(EXERCISE DATA Opens)

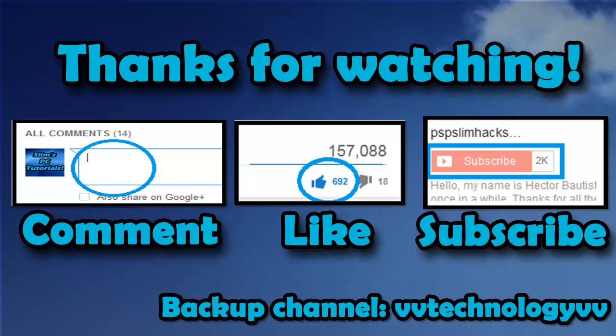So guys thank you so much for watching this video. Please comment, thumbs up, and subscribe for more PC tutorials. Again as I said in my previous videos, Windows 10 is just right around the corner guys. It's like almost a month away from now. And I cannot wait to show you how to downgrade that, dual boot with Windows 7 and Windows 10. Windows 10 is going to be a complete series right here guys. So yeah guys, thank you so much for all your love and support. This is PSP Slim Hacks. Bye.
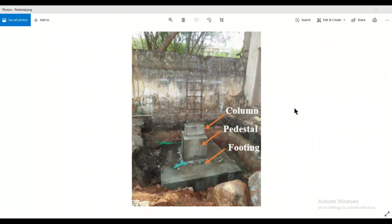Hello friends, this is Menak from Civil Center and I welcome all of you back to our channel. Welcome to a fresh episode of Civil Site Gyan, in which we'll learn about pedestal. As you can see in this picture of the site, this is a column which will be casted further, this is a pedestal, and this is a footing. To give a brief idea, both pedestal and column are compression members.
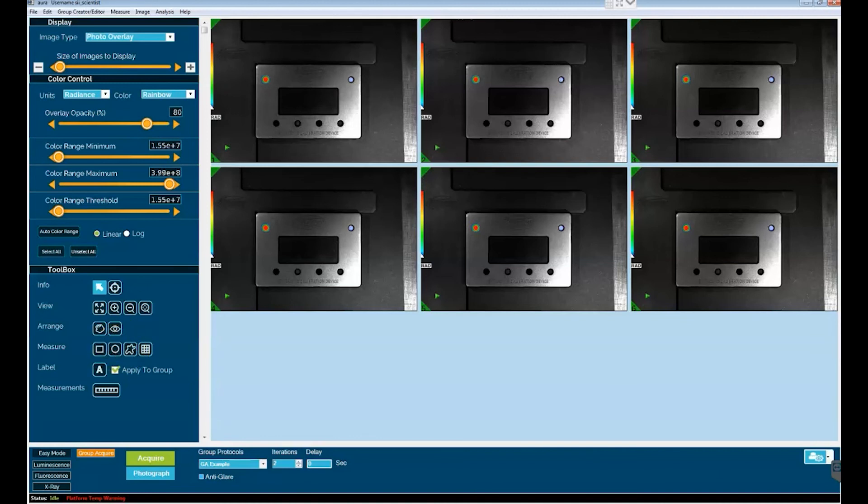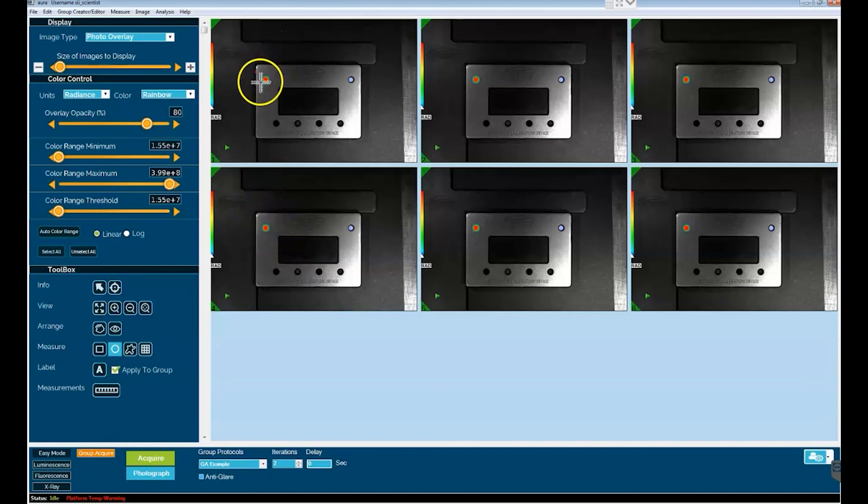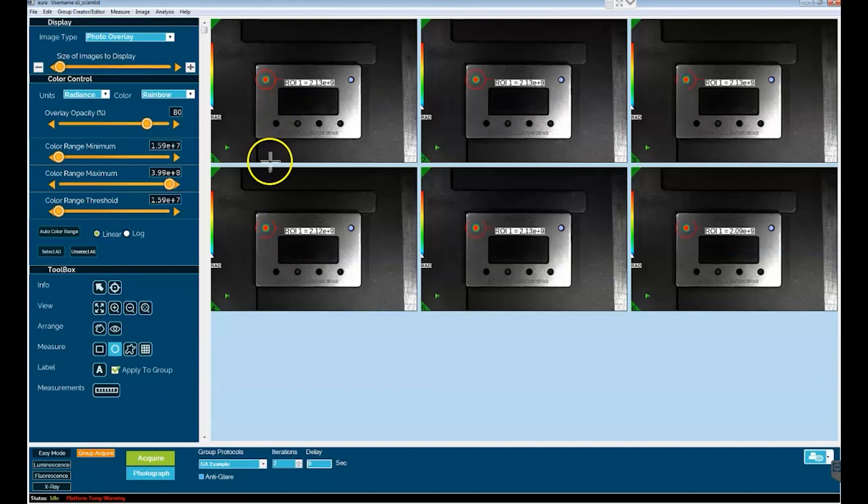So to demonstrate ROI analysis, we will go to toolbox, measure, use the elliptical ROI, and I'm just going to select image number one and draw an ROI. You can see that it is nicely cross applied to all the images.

(EXERCISE DATA Closes)

#### [WORK TO BE COMPLETED]
Make an exact reproduction of the listing above, without any pictures.

#### [WRITTEN SOLUTION]
So guys thank you so much for watching this video. Please comment, thumbs up, and subscribe for more PC tutorials. Again as I said in my previous videos, Windows 10 is just right around the corner guys. It's like almost a month away from now. And I cannot wait to show you how to downgrade that, dual boot with Windows 7 and Windows 10. Windows 10 is going to be a complete series right here guys. So yeah guys, thank you so much for all your love and support. This is PSP Slim Hacks. Bye.
Hello friends, this is Menak from Civil Center and I welcome all of you back to our channel. Welcome to a fresh episode of Civil Site Gyan, in which we'll learn about pedestal. As you can see in this picture of the site, this is a column which will be casted further, this is a pedestal, and this is a footing. To give a brief idea, both pedestal and column are compression members.
So to demonstrate ROI analysis, we will go to toolbox, measure, use the elliptical ROI, and I'm just going to select image number one and draw an ROI. You can see that it is nicely cross applied to all the images.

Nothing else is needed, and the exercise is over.